Attribute tables enrich your records with relevant data that will be valuable for generating predictions. They answer the question:
With what information will we be able to answer the predictive question?
A wide variety of data may factor into the target behavior of a customer, such as their transaction history, gaming results, demographic information and NPS score. Indeed, a very large number of attributes may be involved in making a prediction.

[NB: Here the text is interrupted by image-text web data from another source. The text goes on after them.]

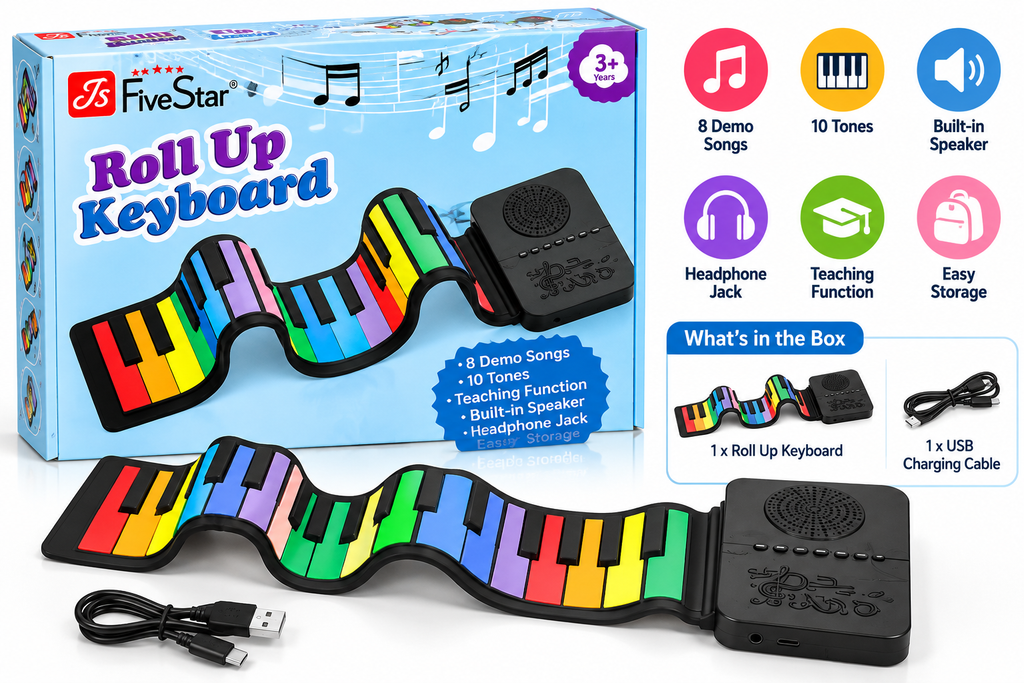 Roll Up Keyboard for Kids – Portable Flexible Piano with 8 Demo Songs, 10 Tones & Built-in Speaker, Ages 3+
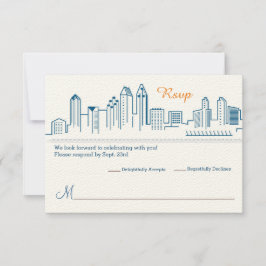 UAWG San Diego Skyline Wedding RSVP Karte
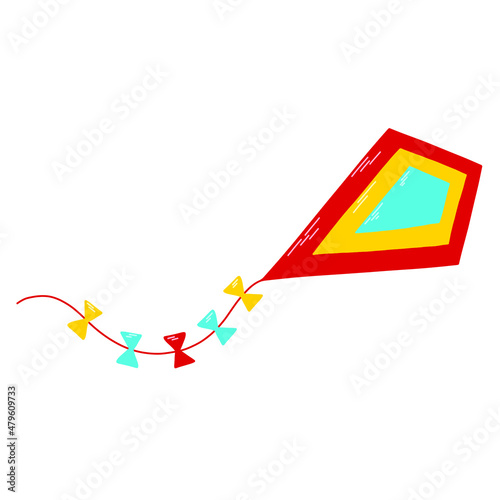 Vector isolated illustration with bright kite in red, yellow and blue colors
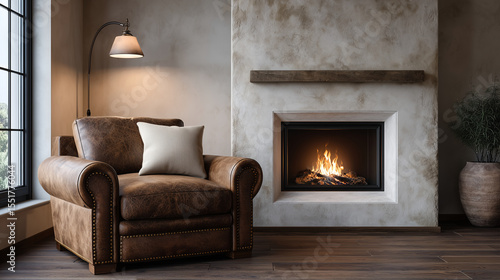 Cozy modern loft scene with a worn leather armchair facing a wall-mounted fireplace, arched lamp throwing soft light, and raw concrete walls blending with dark hardwood flooring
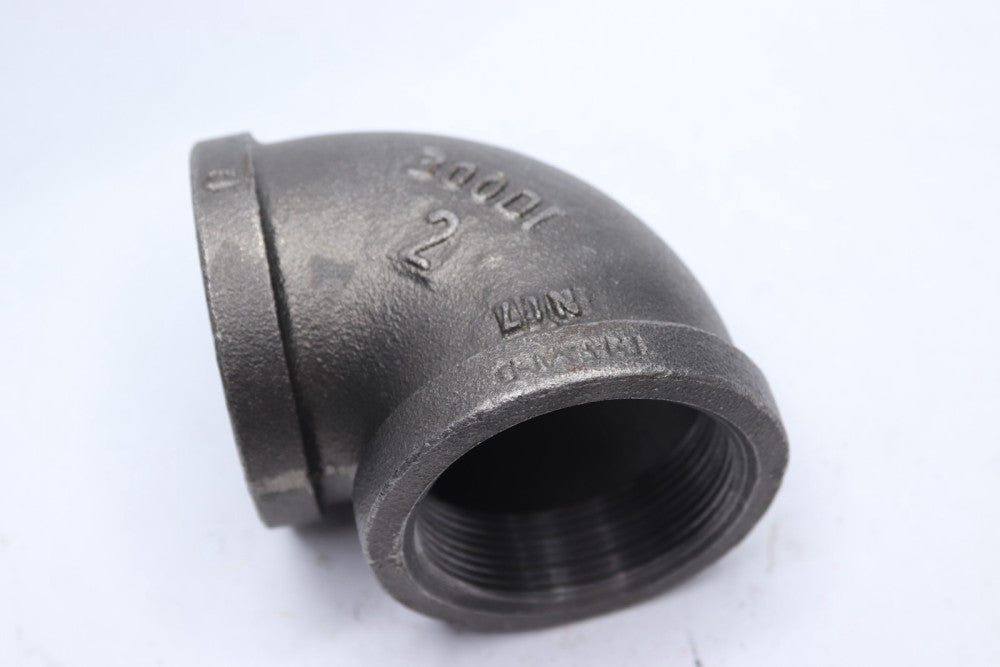 90 Degree Threaded Elbow Black Malleable Iron 2"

Machine learning is what enables you to detect patterns among such vast quantities of data, and to create features out of these columns.
Below is an example of an Attribute Table, which contains information about customer behavior and would help form the basis of a model’s predictions.
customer id | transaction date | category | country | campaign id | gender | transaction amount |
57380 | 2022-02-28 08:43:07 | Garden | Japan | 4041379140569 | Female | $11.57 |
57380 | 2022-03-14 21:25:00 | Shoes | Japan | 5010124916284297 | Female | $68.22 |
57380 | 2022-04-06 06:43:10 | Industrial | Japan | 6378381216678255 | Female | $5.13 |
205013 | 2022-02-11 12:13:02 | Electronics | Chile | 3529969244867448 | Male | $25.77 |
205013 | 2022-05-26 17:01:18 | Sports | Chile | 3580247153934236 | Male | $91.57 |
453785 | 2022-02-17 03:05:10 | Electronics | China | 201696962969079 | Male | $12.49 |
565479 | 2022-02-17 03:06:55 | Health | Canada | 5100130473994344 | Female | $32.95 |
Through automatic processes of feature engineering and feature selection, Pecan will uncover the features that may contribute to a model, and then determine whether the significance is high enough to generate useful predictions (see Understanding Feature Importance).
Pecan joins ETA tables into an AI-ready dataset
Once the Entity, Target and Attribute tables for your model have been defined, all of this customer data can be flattened into an AI-ready dataset.
By using the above examples, we can generate a sample input table:
customer id | marker | category | country | gender | transaction amount | purchased within 30 days of marker |
57380 | 2022-02-30 | Garden | Japan | Female | $11.57 | 1 |
57380 | 2022-03-30 | Shoes | Japan | Female | $68.22 | 1 |
57380 | 2022-04-30 | Industrial | Japan | Female | $5.13 | 0 |
57380 | 2022-05-30 | null | Japan | Female | null | 0 |
205013 | 2022-02-30 | Electronics | Chile | Male | $25.77 | 1 |
205013 | 2022-03-30 | null | Chile | Male | null | 0 |
205013 | 2022-04-30 | null | Chile | Male | null | 0 |
205013 | 2022-05-30 | Sports | Chile | Male | $91.57 | 0 |
As you can see, this table comprises:
A unique row for each customer at a particular point in time (where each row is an “entity”)
Multiple columns containing properties that are related to each entity (“attribute columns”)
In this example, we have both demographic data and transactional data, which will eventually give rise to specific model features.
A column that describes what we’re trying to predict (the “target”).
During Pecan’s machine-learning processes, all values will be represented as strings of numbers.
If/when multiple transactions occur for a single entity (a.k.a. customer ID + marker date), a unique “Pecan Number” will be assigned to each transaction so they can all be factored into the model.
Defining your ETA tables will enable Pecan to join them into a flattened AI-ready dataset, and to know what information to look for, learn from, and evaluate the impact of. So how do you get started? In Pecan, you’ll achieve all this by building your ETA queries with SQL.